Record set |
..........

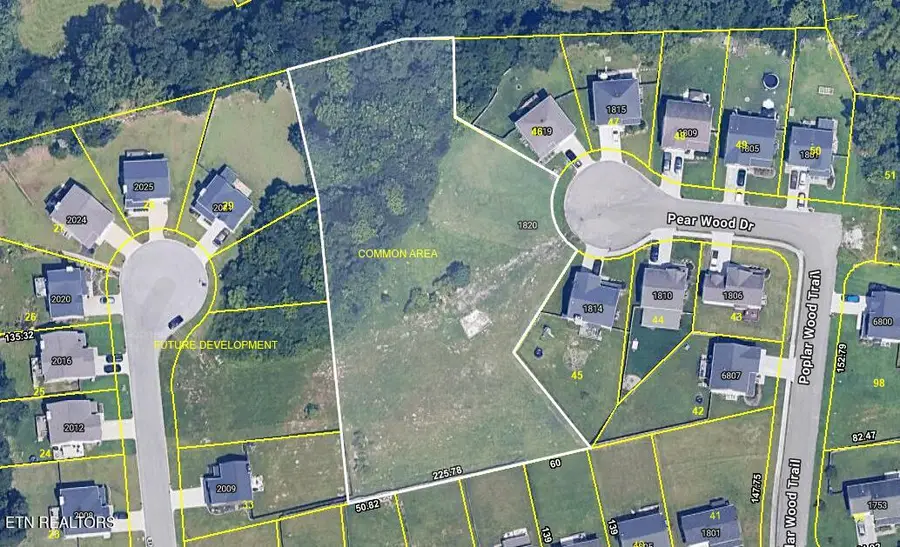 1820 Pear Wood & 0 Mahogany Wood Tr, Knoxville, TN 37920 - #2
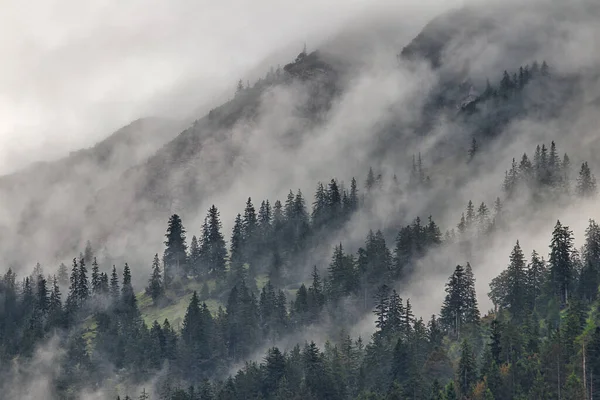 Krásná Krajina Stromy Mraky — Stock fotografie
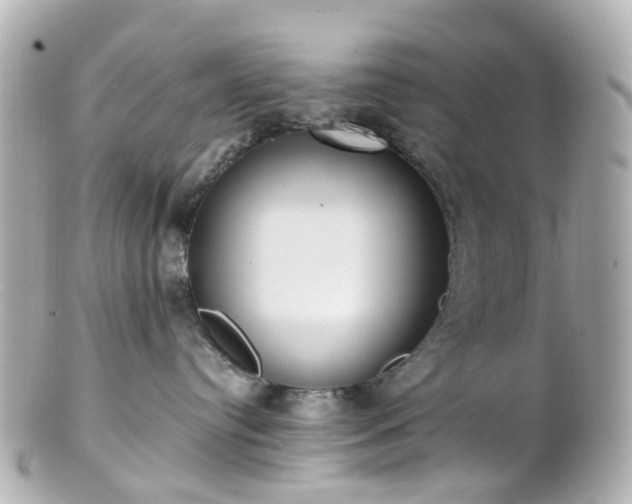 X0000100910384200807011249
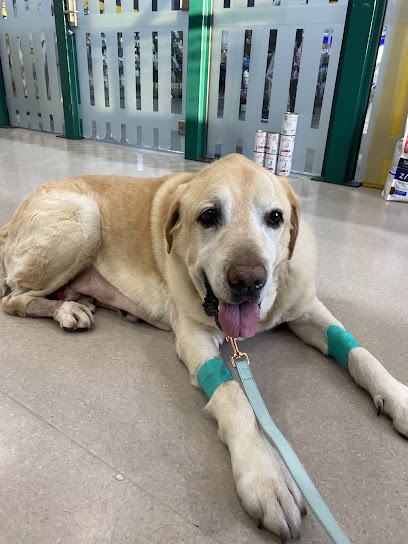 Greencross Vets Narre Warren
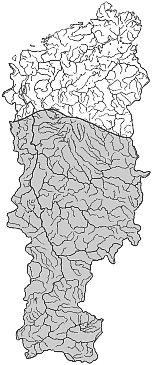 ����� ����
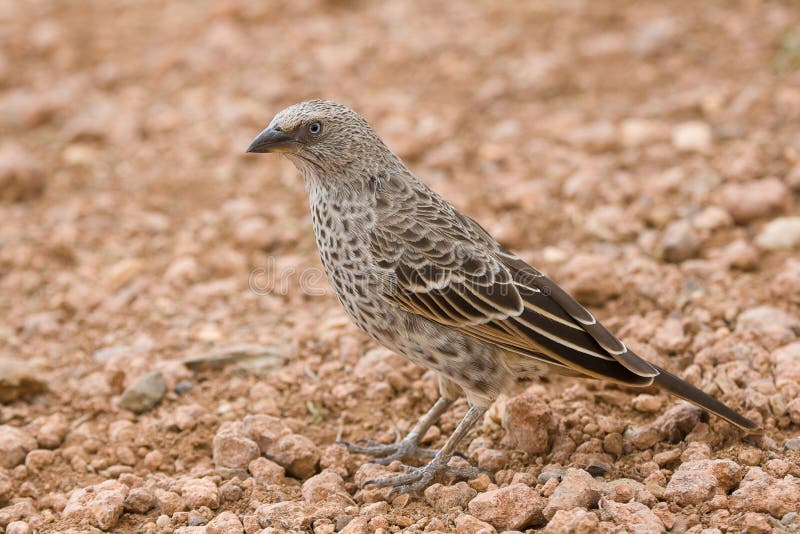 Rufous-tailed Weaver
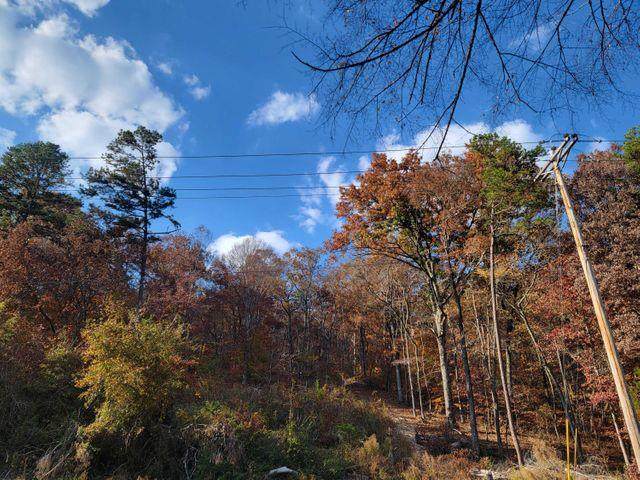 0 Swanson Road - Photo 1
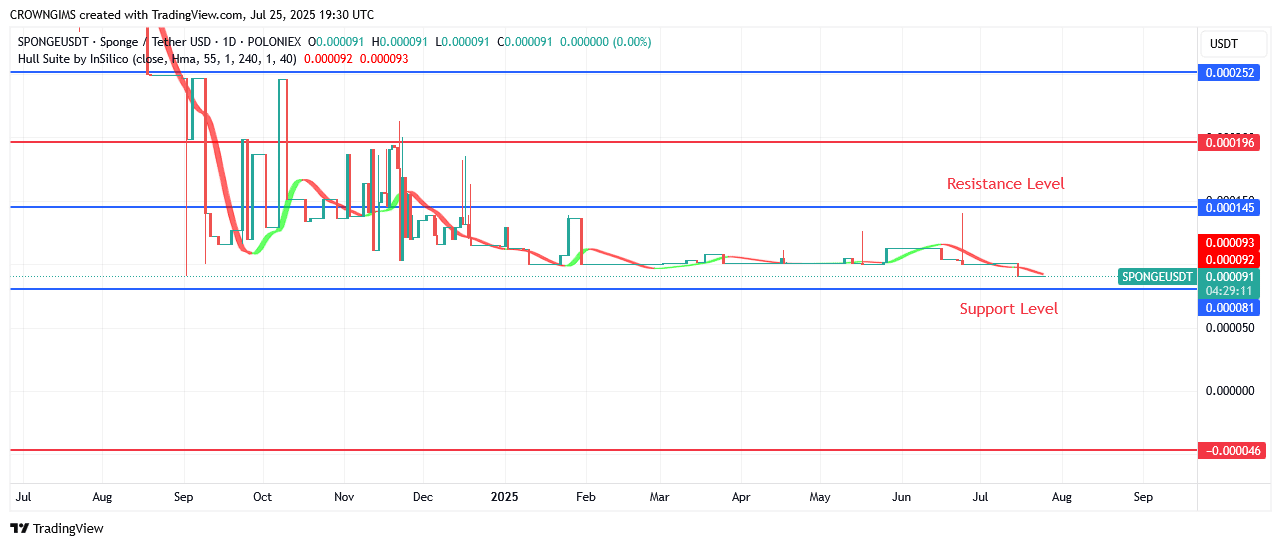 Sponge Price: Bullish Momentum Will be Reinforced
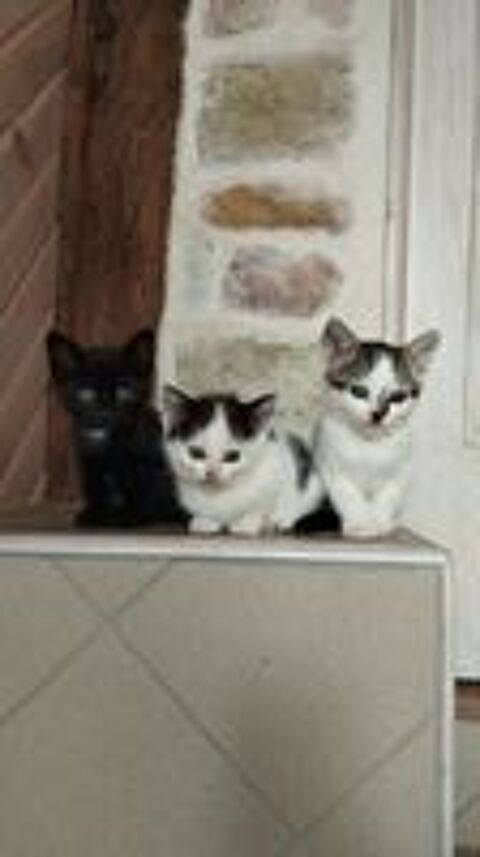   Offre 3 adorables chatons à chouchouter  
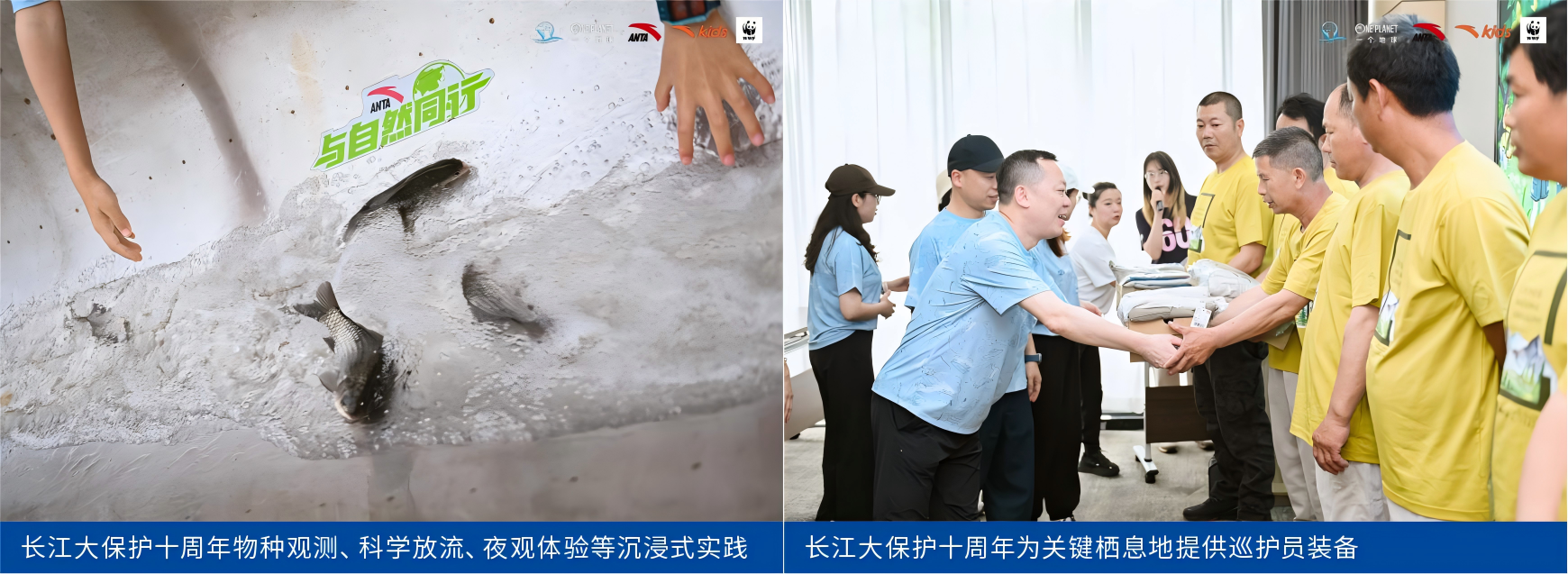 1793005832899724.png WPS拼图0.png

..........

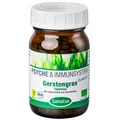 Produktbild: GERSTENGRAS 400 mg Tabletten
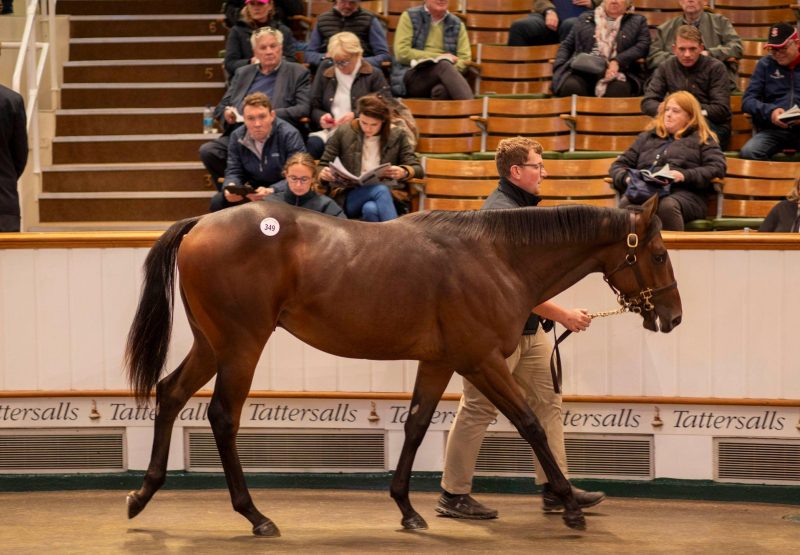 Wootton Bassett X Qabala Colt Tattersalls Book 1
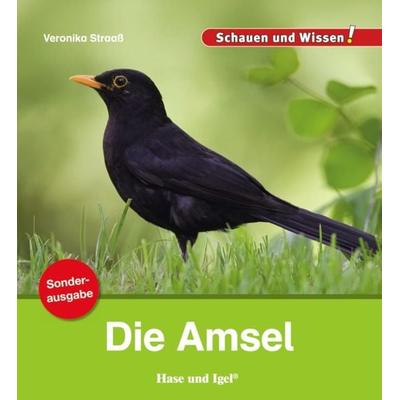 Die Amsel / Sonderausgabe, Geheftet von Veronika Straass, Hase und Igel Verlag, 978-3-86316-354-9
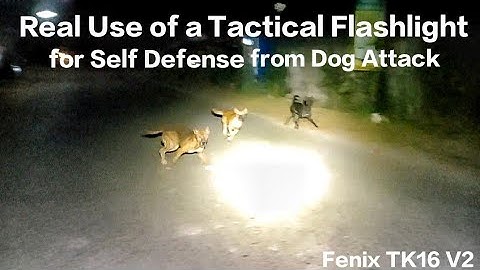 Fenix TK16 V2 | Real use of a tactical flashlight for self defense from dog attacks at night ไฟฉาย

..........

Work to be completed |
Your output should be the lines above from the one that contains "1820 Pear Wood" through the one that contains "1793005832899724.png WPS拼图0.png", word for word, with pictures left out.

Finished exercise |
 1820 Pear Wood & 0 Mahogany Wood Tr, Knoxville, TN 37920 - #2
 Krásná Krajina Stromy Mraky — Stock fotografie
 X0000100910384200807011249
 Greencross Vets Narre Warren
 ����� ����
 Rufous-tailed Weaver
 0 Swanson Road - Photo 1
 Sponge Price: Bullish Momentum Will be Reinforced
   Offre 3 adorables chatons à chouchouter  
 1793005832899724.png WPS拼图0.png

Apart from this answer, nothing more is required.